Estas cifras no reflejan episodios aislados, sino un deterioro estructural. A ello se suma un dato que debería preocupar a cualquier responsable público: el impacto económico de la violencia asciende a 4.5 billones de pesos, equivalentes al 18% del PIB, monto superior al gasto federal conjunto en educación y salud. Ante tal magnitud, es claro que la respuesta centrada exclusivamente en seguridad pública resulta insuficiente. La pregunta relevante es si el Estado puede enfrentar un fenómeno de este tamaño sin una arquitectura jurídica nacional orientada a la construcción de paz.
En ese contexto, el pasado 20 de noviembre , se realizó el Foro “Construcción participativa de ecosistemas de paz e innovación social ciudadana: un reto del Estado mexicano en el siglo XXI” convocado por la Comisión de Puntos Constitucionales de la LXVI Legislatura e impulsado por la diputada Olga Sánchez Cordero. En éste encuetro académicos, especialistas, operadores del sistema de justicia y organizaciones de la sociedad civil coincidieron en que la violencia mexicana tiene raíces institucionales profundas: desigualdad de capacidades estatales, fragmentación de esfuerzos, ausencia de estándares mínimos y falta de continuidad en las políticas públicas. El Foro dejó claro que, sin coordinación, evaluación y obligaciones compartidas, la pacificación seguirá siendo un proyecto vulnerable a los cambios políticos.

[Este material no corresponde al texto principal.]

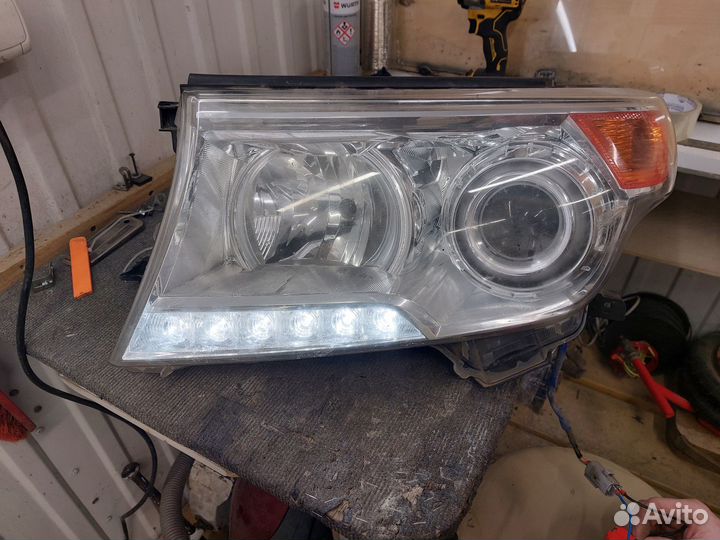Фара левая Toyota Land Cruiser 200 2012-14 ксенон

La experiencia de Jalisco sirve como ejemplo. Su legislación local en construcción de paz ha permitido desarrollar mediación comunitaria, programas territoriales y mecanismos de articulación social. No obstante, el estado enfrenta una realidad crítica: concentra un tercio de los cuerpos exhumados en fosas clandestinas del país. Esto demuestra que los avances locales, por valiosos que sean, resultan insuficientes sin un marco general que establezca principios, competencias y lineamientos obligatorios.

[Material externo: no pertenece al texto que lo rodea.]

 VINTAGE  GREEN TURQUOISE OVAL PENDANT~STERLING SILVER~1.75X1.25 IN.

Una Ley General de Cultura de Paz y Legalidad permitiría atender estas deficiencias. Su objeto no sería sustituir la estrategia de seguridad, sino complementarla mediante acciones preventivas y comunitarias: creación de un Sistema Nacional de Cultura de Paz; lineamientos para estados y municipios; centros de mediación y justicia restaurativa; incorporación educativa de contenidos de paz; indicadores homologados; y presupuestos etiquetados que den continuidad a los esfuerzos. Su carácter general aseguraría homogeneidad, coordinación vertical y permanencia institucional.
No se trata de una ley retórica, sino de un instrumento de reorganización estatal. La evidencia del IPM 2025, las conclusiones del Foro parlamentario y los esfuerzos locales confirman que la violencia en México no disminuirá únicamente mediante la contención. Se requiere fortalecer las condiciones que permiten que la paz sea sostenible: buena gobernanza, legalidad, cohesión social y participación ciudadana.
Convertir la construcción de paz en un mandato jurídico nacional no resolverá de inmediato el problema, pero sí modificará su estructura de fondo. En un país donde la violencia se ha vuelto persistente y expansiva, esa transformación ya no es optativa: es impostergable.